Pop quiz! What’s a “product”?
Did this question stump you? Or did it seem…too easy? Either way, it’s something we should explore further because there isn’t a clear definition. You might have immediately thought of something like this:
product (noun): something produced; something marketed or sold as a commodity — from Merriam-Webster
And that’s a great start! But as developers and businesspeople, we start to run into quirky edge-cases that this definition doesn’t quite cover.
For example, one of my coworkers recently bought a pair of boots — these boots, in fact. If you click on that link, it’ll take you to the product page for these boots on the Walmart website. Now, if we assume that this page represents a product, let me ask you a few follow-up questions:
By our bland dictionary definition, the answer to all three of these would be yes, as they’re all distinct objects that were produced. However, they each come with some nuance:
Clearly, we need a better definition. Here’s one that I’d like to put forward:
product (noun): an item, service, or category of items or services, as distinguished from other items, services, or categories of items or services
This definition seems more fitting because when you really delve into the details, products are defined by being distinct from other products. We lump all of the shoe sizes into a single product because they’re all far more similar to each other than they are to anything else in Walmart’s product database. They just feel like versions of a single product instead of different products, because things that are actually other products are much different.
Here’s a visual example. When you see these products, with the distances between them roughly representing their differences, where do you draw the product boundaries?

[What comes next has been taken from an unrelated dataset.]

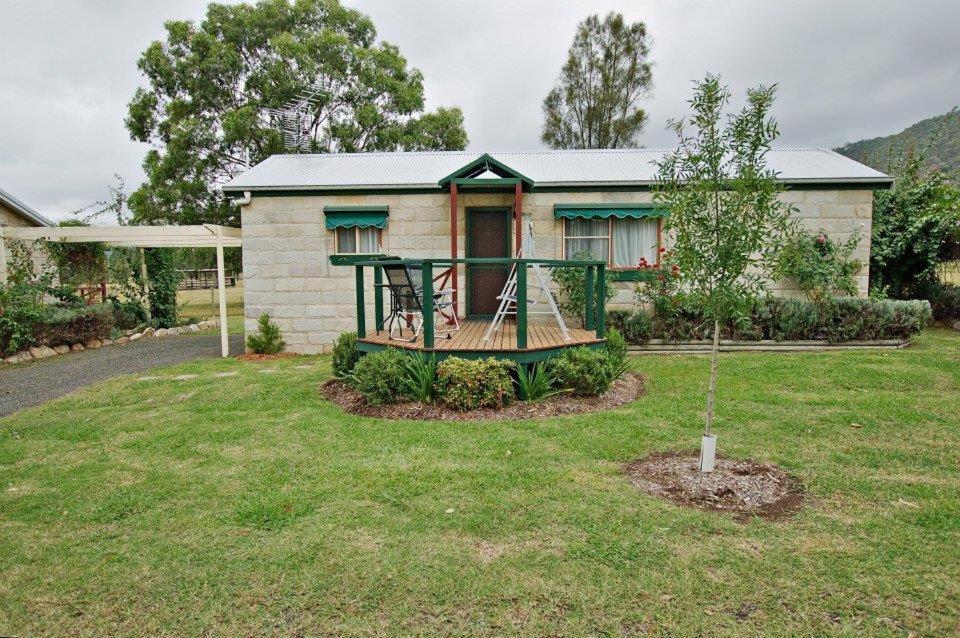 Sandstone Cottages photo 2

Sensibly, you’d draw them here:
This has a lot of relevance to search, the field we’re experts in over here at Algolia. When developing the search experience for these products then, every company has to ask a few questions about what those boundaries will look like — for example, what attributes will our customers be searching for? The searchable products that we feed into Algolia need to be independent, so if folks are going to include their shoe size in the search query, then at least in this case, we need to treat all of those shoe sizes as separate products.
In the world of search, depending on business requirements, some of the differences between versions of a single product grow more relevant. Those clusters are no longer neat and tidy like I drew them before. Our visualized space can start to look more like this:
Now where do you draw the lines?
Let’s imagine a completely hypothetical company (let’s just call them Orange) that makes smartphones (let’s just call them jPhones). jPhones come in a lot of different versions:
Orange has put a lot of effort into making their product database robust, but they haven’t given us much to work with when it comes to search, which has a different set of requirements, as we discussed earlier. Now, they’ve tasked you and I with building a search index for the jPhones that takes those options into account. They’ve given us this initial JSON to modify:
[
{
"title": "jPhone",
"editions": [
"13",
"12",
"11"
],
"color": [
"Aluminum",
"Sparkly Green",
"Maroon",
"Moonlight",
"Blackout",
"Deep Sea Blue"
],
"sizes": [
"Regular",
"XL"
],
"storageSpace": [
"128GB",
"256GB",
"512GB"
]
}
]
Let’s start by going through each of the options one by one and see how they affect what ends up as product attributes and what ends up meriting its own product.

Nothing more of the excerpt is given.